Schwandt was a pioneer of the Park City mountain biking community, Murray added. She helped build many of the trails around Park City that riders still cruise on today.
“Every time we would go out and ride, she would take a turn on some little trail that wasn’t on the map,” Murray said. “The only reason she knew it was there is because she built the trail back in the early days.”
Schwandt knew all the secret trails and shortcuts around Park City, and other riders would never have known they were there if not for her, Murray said.
She continued volunteering to help maintain those trails years after she helped develop them, House said. She understood that knowing and appreciating the trail system in Park City also meant putting in the work to keep the runs in good shape, he said.

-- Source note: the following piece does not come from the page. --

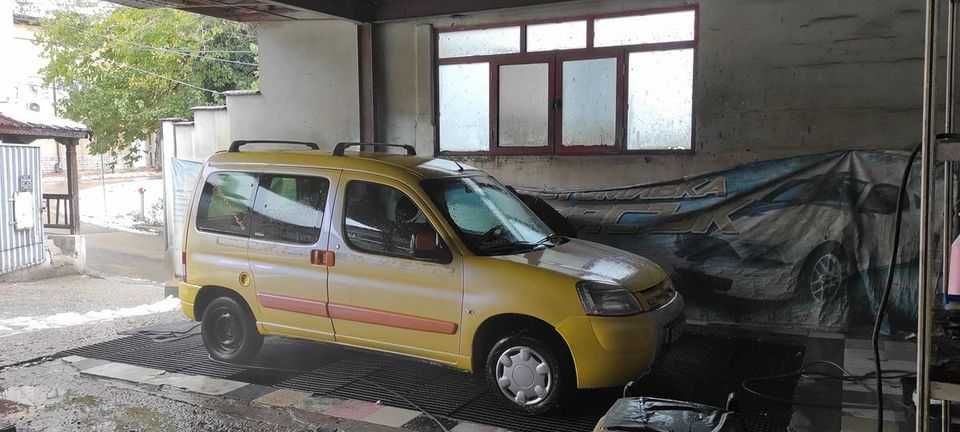 Берлинго 1.4 Газ - бензин  2008г. Клима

“Cyndi was a staple,” House said. “She was always happy to put in the volunteer time to help maintain and expand the trail system, and I think it was a good example for all of us in the community.”
She embodied being a local in the mountains. When I think of the long-term Park City local who really represented the culture of a mountain town — that was Cyndi.
Members of Team Sugar plan to wear purple — Schwandt’s favorite color — on their gear for the rest of the year during rides to remember her, Murray said. There’s also been talk of naming a trail in the area after Schwandt, she said.
“We have such an amazing trail system in Park City — sometimes it gets taken for granted really where it started,” Murray said. “So I think this tragedy has brought that out that (Cyndi) was really a pioneer in building that trail system.”